ASSIGNED TASK: Take the lines below between the one holding "من الساعة الـ ٨:٠٠ 🕗 ص" and the one holding "I Love Andorra Tote Bag", inclusive, and copy them exactly. Add nothing.

Saved data entries
○ ○ ○ ○ ○

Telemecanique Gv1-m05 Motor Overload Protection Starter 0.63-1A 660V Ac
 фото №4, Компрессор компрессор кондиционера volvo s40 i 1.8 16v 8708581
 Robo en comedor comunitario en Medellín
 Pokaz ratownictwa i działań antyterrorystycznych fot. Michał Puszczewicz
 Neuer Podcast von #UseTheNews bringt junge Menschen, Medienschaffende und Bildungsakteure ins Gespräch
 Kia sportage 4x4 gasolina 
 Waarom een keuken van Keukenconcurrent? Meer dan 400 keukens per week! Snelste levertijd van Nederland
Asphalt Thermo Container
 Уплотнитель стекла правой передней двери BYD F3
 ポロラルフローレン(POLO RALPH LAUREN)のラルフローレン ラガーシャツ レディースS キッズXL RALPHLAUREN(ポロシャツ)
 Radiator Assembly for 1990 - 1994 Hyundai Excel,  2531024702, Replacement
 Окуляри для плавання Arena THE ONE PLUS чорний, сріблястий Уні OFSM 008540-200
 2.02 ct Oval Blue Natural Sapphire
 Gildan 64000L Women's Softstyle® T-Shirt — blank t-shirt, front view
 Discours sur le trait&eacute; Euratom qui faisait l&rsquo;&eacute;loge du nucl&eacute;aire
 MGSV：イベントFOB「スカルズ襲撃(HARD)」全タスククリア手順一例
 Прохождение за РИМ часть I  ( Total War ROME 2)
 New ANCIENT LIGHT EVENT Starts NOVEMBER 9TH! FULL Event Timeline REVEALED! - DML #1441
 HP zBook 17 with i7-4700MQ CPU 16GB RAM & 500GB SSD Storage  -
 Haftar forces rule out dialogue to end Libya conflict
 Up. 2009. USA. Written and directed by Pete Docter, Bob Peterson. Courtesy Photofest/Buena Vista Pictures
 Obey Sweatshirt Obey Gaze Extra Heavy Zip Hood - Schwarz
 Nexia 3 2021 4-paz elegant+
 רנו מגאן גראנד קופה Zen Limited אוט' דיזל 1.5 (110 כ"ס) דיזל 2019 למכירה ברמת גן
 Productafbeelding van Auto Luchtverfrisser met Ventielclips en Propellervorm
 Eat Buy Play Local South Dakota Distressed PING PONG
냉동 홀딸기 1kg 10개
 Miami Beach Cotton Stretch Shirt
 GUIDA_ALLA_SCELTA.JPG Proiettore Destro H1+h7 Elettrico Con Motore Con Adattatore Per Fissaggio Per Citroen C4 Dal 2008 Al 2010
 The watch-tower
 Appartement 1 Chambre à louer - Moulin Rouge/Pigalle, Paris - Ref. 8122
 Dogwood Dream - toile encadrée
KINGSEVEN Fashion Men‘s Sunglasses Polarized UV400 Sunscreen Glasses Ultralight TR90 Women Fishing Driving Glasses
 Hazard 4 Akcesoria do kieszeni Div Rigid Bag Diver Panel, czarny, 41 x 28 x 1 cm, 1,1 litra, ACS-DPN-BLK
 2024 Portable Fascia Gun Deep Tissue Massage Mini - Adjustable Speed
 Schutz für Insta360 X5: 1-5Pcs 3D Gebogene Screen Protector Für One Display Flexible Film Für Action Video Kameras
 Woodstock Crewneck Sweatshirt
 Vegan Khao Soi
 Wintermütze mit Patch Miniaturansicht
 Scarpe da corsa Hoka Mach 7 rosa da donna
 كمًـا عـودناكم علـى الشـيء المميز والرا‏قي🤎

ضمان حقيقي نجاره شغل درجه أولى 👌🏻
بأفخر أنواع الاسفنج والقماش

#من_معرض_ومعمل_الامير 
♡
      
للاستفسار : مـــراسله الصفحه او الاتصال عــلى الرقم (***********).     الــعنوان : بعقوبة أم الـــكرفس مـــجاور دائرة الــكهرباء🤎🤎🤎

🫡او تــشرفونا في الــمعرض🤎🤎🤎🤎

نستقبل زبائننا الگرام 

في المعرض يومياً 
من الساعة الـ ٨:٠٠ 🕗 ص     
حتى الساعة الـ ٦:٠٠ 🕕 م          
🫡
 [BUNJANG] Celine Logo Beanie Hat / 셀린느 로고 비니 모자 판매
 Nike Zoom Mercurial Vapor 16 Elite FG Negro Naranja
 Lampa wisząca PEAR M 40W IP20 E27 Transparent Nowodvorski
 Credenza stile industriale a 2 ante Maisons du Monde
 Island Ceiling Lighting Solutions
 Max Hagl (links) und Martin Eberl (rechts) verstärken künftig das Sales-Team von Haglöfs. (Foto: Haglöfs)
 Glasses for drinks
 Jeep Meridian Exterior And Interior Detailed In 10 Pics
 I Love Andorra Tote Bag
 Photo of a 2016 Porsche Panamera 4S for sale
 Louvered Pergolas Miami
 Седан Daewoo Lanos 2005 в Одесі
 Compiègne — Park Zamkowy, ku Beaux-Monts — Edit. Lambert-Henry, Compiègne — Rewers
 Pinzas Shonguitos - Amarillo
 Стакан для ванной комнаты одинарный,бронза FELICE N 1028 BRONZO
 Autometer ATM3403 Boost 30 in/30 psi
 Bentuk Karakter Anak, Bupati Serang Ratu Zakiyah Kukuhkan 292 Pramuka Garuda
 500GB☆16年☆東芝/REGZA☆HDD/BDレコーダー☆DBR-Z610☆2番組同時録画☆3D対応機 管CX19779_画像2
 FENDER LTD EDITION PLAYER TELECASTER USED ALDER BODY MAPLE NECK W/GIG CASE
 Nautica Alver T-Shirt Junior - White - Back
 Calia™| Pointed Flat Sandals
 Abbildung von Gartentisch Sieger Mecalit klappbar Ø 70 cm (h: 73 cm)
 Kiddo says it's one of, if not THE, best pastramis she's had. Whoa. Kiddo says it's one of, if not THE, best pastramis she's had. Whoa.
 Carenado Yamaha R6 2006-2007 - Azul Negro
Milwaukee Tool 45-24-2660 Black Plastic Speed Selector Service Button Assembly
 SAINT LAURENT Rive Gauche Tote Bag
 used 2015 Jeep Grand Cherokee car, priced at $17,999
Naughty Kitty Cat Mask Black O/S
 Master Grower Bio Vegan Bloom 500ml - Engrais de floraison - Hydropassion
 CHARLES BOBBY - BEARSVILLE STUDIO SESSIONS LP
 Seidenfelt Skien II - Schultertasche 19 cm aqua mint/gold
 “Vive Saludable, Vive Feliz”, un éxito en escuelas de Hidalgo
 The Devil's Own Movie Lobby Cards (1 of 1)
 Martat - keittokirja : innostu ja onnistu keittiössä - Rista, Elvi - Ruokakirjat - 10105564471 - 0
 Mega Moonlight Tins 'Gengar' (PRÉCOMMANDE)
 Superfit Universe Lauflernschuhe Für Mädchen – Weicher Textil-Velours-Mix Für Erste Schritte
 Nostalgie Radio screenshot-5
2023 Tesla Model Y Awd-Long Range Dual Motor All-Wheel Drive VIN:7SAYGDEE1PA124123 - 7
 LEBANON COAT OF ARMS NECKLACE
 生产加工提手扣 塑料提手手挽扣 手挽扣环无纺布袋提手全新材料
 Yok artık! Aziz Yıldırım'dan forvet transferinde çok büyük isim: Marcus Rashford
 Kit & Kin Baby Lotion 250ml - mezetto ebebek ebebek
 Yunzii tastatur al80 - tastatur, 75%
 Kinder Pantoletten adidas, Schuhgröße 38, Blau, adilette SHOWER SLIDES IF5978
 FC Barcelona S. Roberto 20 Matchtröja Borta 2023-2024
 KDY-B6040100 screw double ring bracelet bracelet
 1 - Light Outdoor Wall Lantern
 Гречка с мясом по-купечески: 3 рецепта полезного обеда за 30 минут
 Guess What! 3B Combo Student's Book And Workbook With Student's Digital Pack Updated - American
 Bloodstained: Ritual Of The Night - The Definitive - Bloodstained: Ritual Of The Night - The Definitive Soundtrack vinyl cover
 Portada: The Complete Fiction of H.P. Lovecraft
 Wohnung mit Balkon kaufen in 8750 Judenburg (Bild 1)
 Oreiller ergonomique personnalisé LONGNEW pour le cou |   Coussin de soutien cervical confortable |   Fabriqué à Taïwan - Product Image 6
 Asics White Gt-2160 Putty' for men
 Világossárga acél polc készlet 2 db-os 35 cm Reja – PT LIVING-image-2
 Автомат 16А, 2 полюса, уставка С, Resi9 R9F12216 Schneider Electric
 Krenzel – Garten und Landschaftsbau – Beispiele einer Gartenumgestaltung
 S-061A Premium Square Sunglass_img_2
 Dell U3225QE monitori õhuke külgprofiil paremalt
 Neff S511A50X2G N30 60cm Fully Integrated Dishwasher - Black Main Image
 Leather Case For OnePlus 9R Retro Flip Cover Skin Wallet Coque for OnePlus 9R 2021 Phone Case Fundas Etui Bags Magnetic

○ ○ ○ ○ ○

OUTPUT:
من الساعة الـ ٨:٠٠ 🕗 ص     
حتى الساعة الـ ٦:٠٠ 🕕 م          
🫡
 [BUNJANG] Celine Logo Beanie Hat / 셀린느 로고 비니 모자 판매
 Nike Zoom Mercurial Vapor 16 Elite FG Negro Naranja
 Lampa wisząca PEAR M 40W IP20 E27 Transparent Nowodvorski
 Credenza stile industriale a 2 ante Maisons du Monde
 Island Ceiling Lighting Solutions
 Max Hagl (links) und Martin Eberl (rechts) verstärken künftig das Sales-Team von Haglöfs. (Foto: Haglöfs)
 Glasses for drinks
 Jeep Meridian Exterior And Interior Detailed In 10 Pics
 I Love Andorra Tote Bag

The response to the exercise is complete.